Beefy Boxes and Bandwidth Generously Provided by pair Networks
Don't ask to ask, just ask
 
PerlMonks  

running a function for different list parallely using fork

by noviceuser (Acolyte)
on Mar 15, 2023 at 09:50 UTC ( [id://11150996]=perlquestion: print w/replies, xml ) Need Help??

noviceuser has asked for the wisdom of the Perl Monks concerning the following question:

I am trying to run a function/subroutine called regression for different lists under @testLists in parallel , but i want to run only 2 lists at a time, also the number of lists in the array @testLists can be any n number. Here is the code so far i have written but it will run all the lists parallely

my @testLists; foreach my $list (@testLists) { my $pid = fork; if ($pid == 0) { $status += regressions($opts, $list); exit; } push(@pids, $pid); } foreach my $pid (@pids) { waitpid($pid, 0); }

Replies are listed 'Best First'.
Re: running a function for different list parallely using fork
by hippo (Archbishop) on Mar 15, 2023 at 10:22 UTC

    Have you considered Parallel::ForkManager? This is precisely the sort of problem it is designed to solve.


    🦛

      Exactly this.

      use Parallel::ForkManager qw( ); my @testLists = ...; my $pm = Parallel::ForkManager->new( 2 ); for my $list ( @testLists ) { $pm->start and next; $status += regressions( $opts, $list ); $pm->finish; } $pm->wait_all_children();

      That said, you are changing $status in the child to no effect. Did you mean to exit with that code?

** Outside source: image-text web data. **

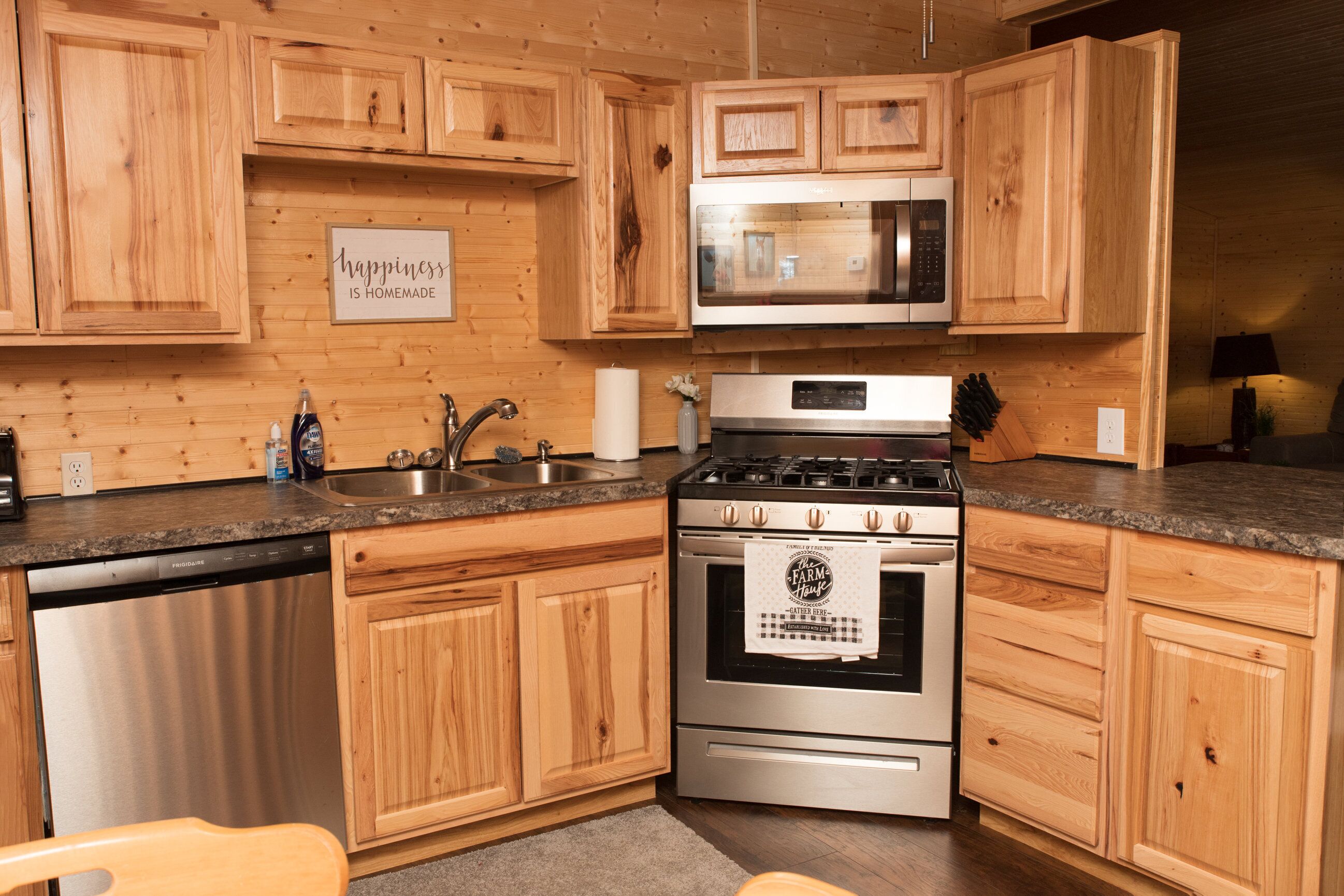 Coaches' Cabin at Ramp 11 Retreat by Concord Sun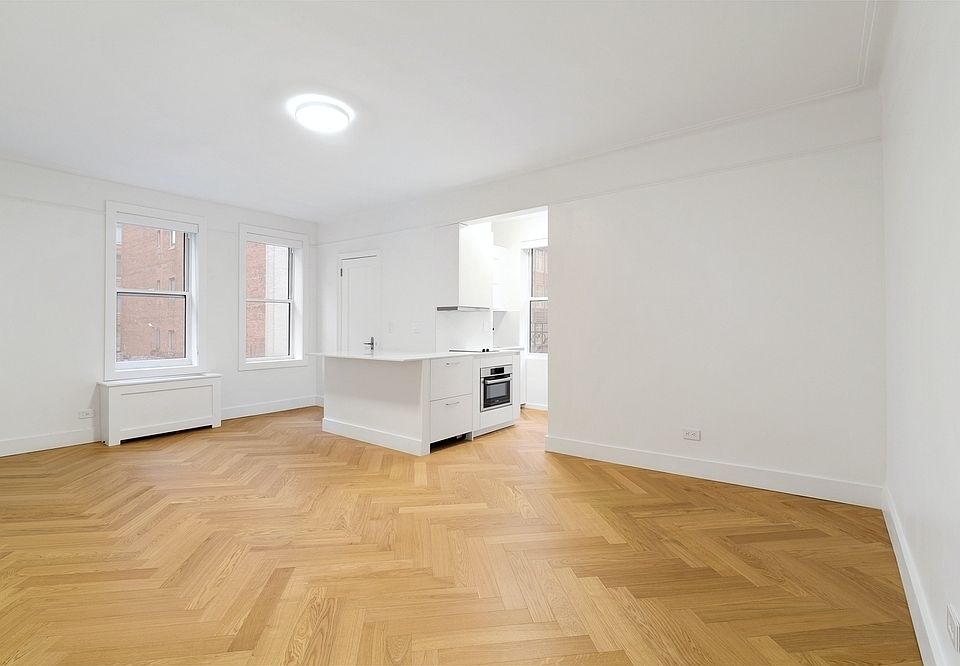 1st image of 220 W 24th St APT 6N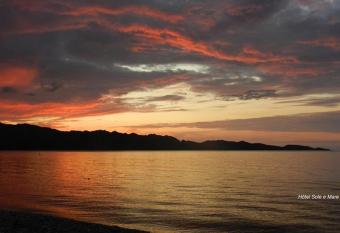 H  tel SOLE E MARE allows 18 year olds to book a room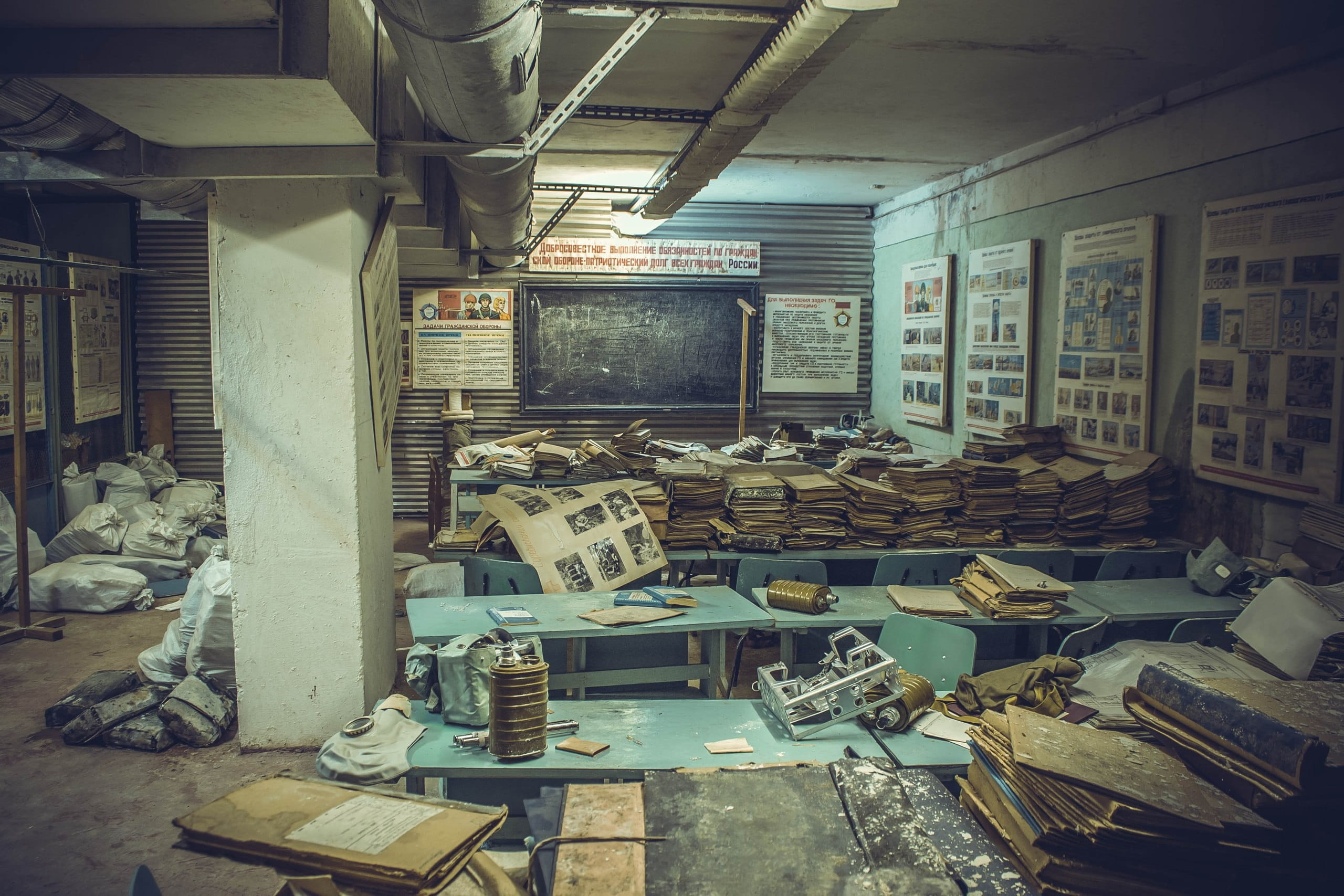 decline, messy, old, boxes, history, architecture, damaged, bad condition, technology, abandoned, day, run-down, archive, large group of objects, indoors, HD Wallpaper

      use Parallel::ForkManager qw( ); my @testLists = ...; my $status = 0; my $pm = Parallel::ForkManager->new( 2 ); $pm->run_on_finish(sub { my ( $pid, $exit_code, $ident ) = @_; $status += $exit_code; }); for my $list ( @testLists ) { $pm->start and next; my $status = regressions( $opts, $list ); $status = 255 if $status > 255; $pm->finish( $status ); } $pm->wait_all_children();

      P::FM also facilitates passing more complex values back to the parent.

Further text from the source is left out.